# N·m is not N·m

Force, work and power—these terms are often mistakenly used interchangeably.

Force is what causes acceleration of mass, and it’s measured in Newton $(\mathrm{N} = \mathrm{kg} \, \mathrm{m} / \mathrm{s}^2)$. For example, a force of $4\, \mathrm{N}$ accelerates $4\, \mathrm{kg}$ of mass by $1\, \mathrm{m/s}^2$, or alternatively $1\, \mathrm{kg}$ of mass by $4\, \mathrm{m/s}^2$ and so on.

Work is measured in Joule $(\mathrm{J} = \mathrm{N} \, \mathrm{m})$, which is nothing else than the acceleration of mass by a certain force over a certain distance. For example, $4\, \mathrm{N}\,\mathrm{m}$ is the amount of work required to apply a force of $4 \, \mathrm{N}$ over a distance of $1\, \mathrm{m}$, or alternatively to apply a force of $1\, \mathrm{N}$ over a distance of $4 \, \mathrm{m}$.

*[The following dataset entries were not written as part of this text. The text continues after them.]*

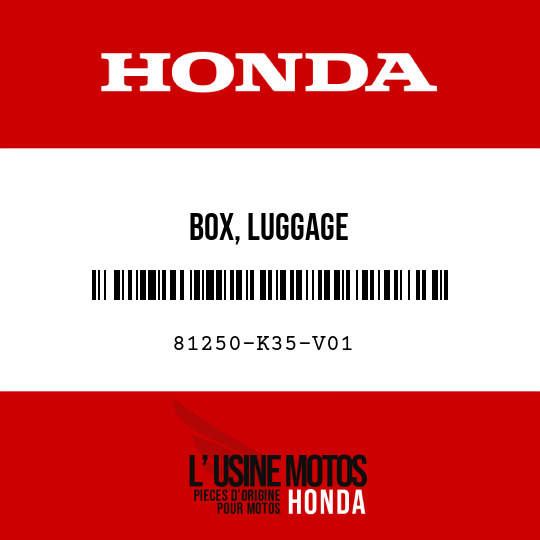 image de 81250-K35-V01 BOX, LUGGAGE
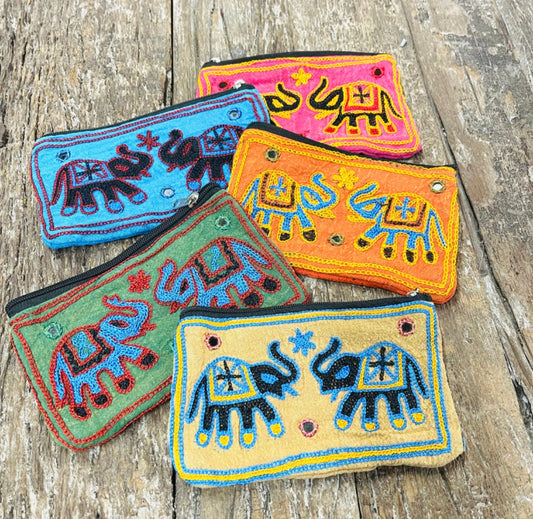 ELEPHANT SARI PURSE 19x12CM MIX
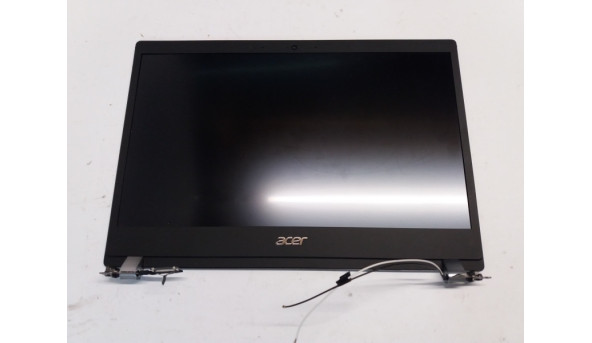 Кришка матриці разом з рамкою, матрицєю, завісами, шлейфоми та камерою для ноутбука Acer TravelMate X3410, Б/В, Без пошкоджень. Всі кріплення цілі. Матриця робоча.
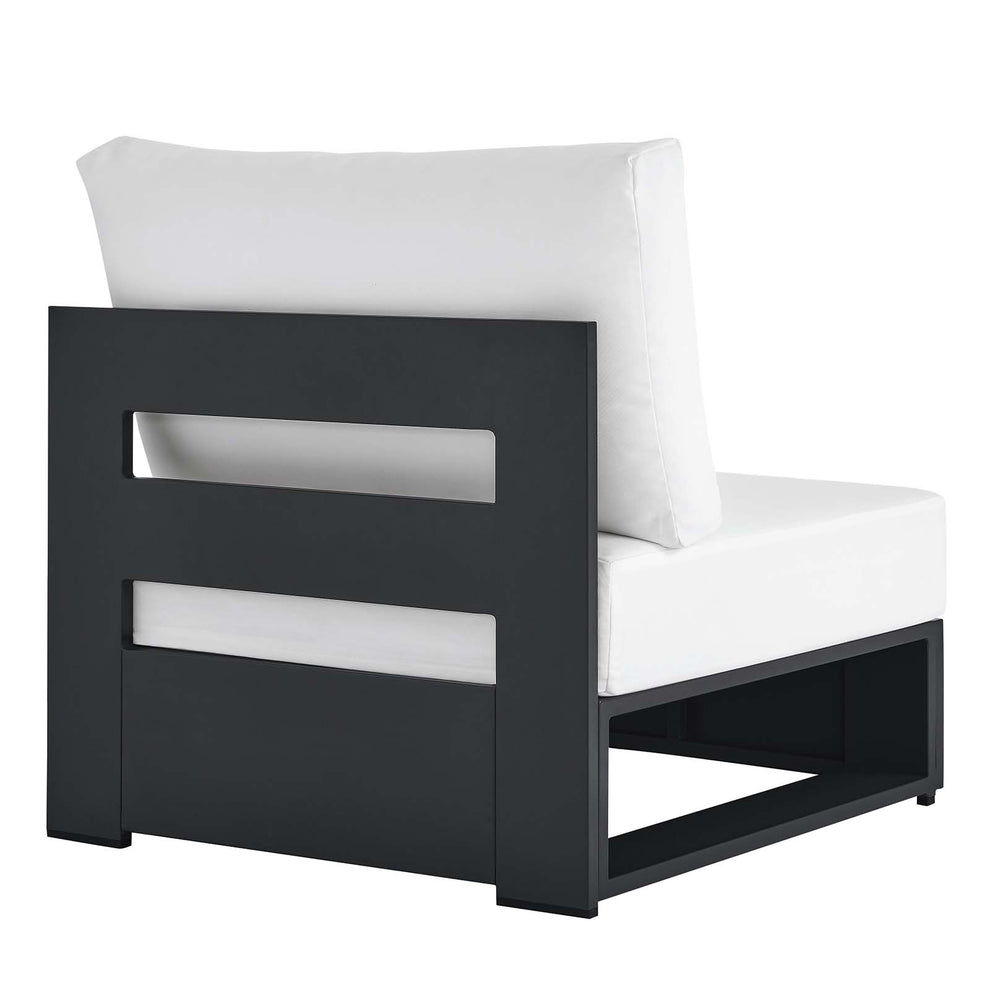 Tahoe Outdoor Patio Powder-Coated Aluminum Modular Armless Chair By Modway - EEI-6628 | Outdoor Sofas, Loveseats & Sectionals | Modishstore - 19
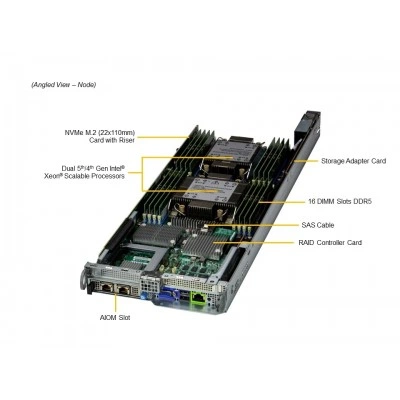 Серверная платформа Supermicro SYS-221BT-HNC9R Серверная платформа Supermicro SYS-221BT-HNC9R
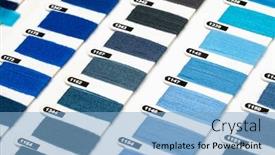  Presentation with yarn - Audience pleasing slide deck consisting of various-blue-color-hue-yarn backdrop and a light blue colored foreground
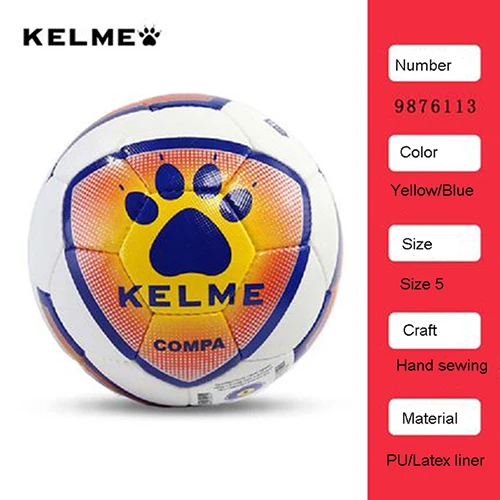 Футбольные мячи KELME, футбольные мячи, футбольные мячи из полиуретана, тренировочные мячи для внутреннего футбола, официальный размер 4 матча K15S929 - Цвет: size 5 9876113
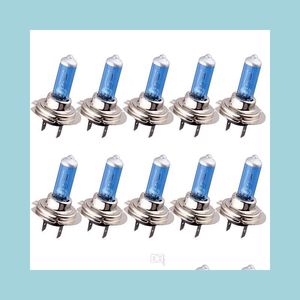 Halogen Car Lights 10Pcs H7 55W Px26D Xenon Halogen Bbs Pour Lampe De Phare De Voiture 4300K Blanc Chaud 12V Drop Delivery 2022 Mobiles Moto Dhvqm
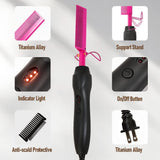 Pink Hot Comb Electric Hot Comb Heating Pressing Combs Hair Straightening Hot Comb Hair Straightener Heat Pressing Combs In Australia - Darrahopens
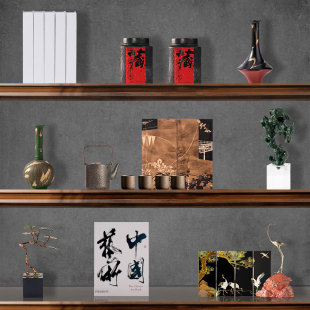 宋代美学花瓶禅意仙鹤摆件古风壁柜墙饰茶室中式办公室酒柜装饰品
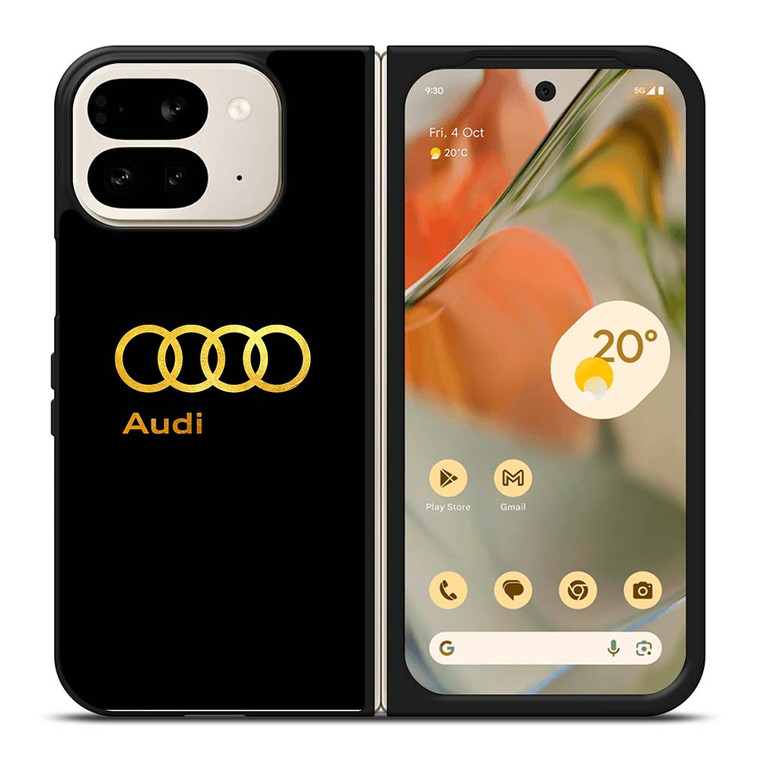AUDI CAR GOLD LOGO Google Pixel 9 Pro Fold Case Cover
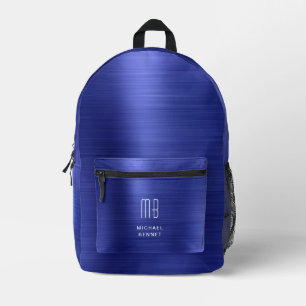 Sac À Dos Imprimé Monogramme bleu marine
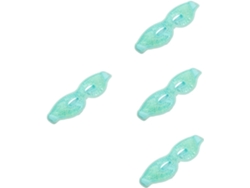 Mascarilla de gel refrescante para el contorno de ojos, 4 unidades, cobertura refrescante y masaje ocular.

And finally there is power, which is work per time and is measured in Watt $(\mathrm{W} = \mathrm{J}/\mathrm{s} = \mathrm{N}\, \mathrm{m} / \mathrm{s})$. For example, doing $1\, \mathrm{J}$ of work per second requires twice as much power as doing $1\, \mathrm{J}$ of work only every two seconds.

### Summary

TermUnitSymbol
ForceNewton$\mathrm{N}$
WorkJoule$\mathrm{J} = \mathrm{N} \, \mathrm{m}$
PowerWatt$\mathrm{W} = \mathrm{J}/\mathrm{s} = \mathrm{N} \, \mathrm{m}/ \mathrm{s}$

### Torque vs Work

Torque is the rotational force resulting from linear force acting on a lever, and is given by the amount of linear force times the length of the lever, leaving us with $\mathrm{N} \, \mathrm{m}$ as the unit. One might now think that this means that torque and work are the same thing, since work is also measured in $\mathrm{N}\,\mathrm{m}$ after all. However, this is not the case, and it would be invalid to use $\mathrm{J}$ instead of $\mathrm{N}\,\mathrm{m}$ for torque! The reason for this confusion is that the unit of torque is actually $\mathrm{N} \, \mathrm{m}/\mathrm{rad}$, but since the radian part is dimensionless, it is usually omitted.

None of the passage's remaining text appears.